▸ What you have to do
What you should copy is the line containing "Daily-rent, three bedroom" and all lines after it in the entries below, exactly and without anything added.

BEGIN Provided material

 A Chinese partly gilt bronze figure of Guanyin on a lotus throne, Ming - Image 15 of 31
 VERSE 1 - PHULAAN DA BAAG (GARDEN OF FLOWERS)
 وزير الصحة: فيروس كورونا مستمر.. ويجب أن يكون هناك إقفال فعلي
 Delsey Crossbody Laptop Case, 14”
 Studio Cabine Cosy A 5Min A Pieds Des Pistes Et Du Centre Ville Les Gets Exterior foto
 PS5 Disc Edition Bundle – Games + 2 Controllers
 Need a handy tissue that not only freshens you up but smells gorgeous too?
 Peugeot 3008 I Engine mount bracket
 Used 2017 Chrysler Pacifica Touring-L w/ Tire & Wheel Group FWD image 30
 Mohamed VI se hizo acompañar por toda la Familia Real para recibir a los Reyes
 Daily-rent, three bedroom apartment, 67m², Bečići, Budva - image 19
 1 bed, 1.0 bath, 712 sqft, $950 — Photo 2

END Provided material

▸ Exercise response
 Daily-rent, three bedroom apartment, 67m², Bečići, Budva - image 19
 1 bed, 1.0 bath, 712 sqft, $950 — Photo 2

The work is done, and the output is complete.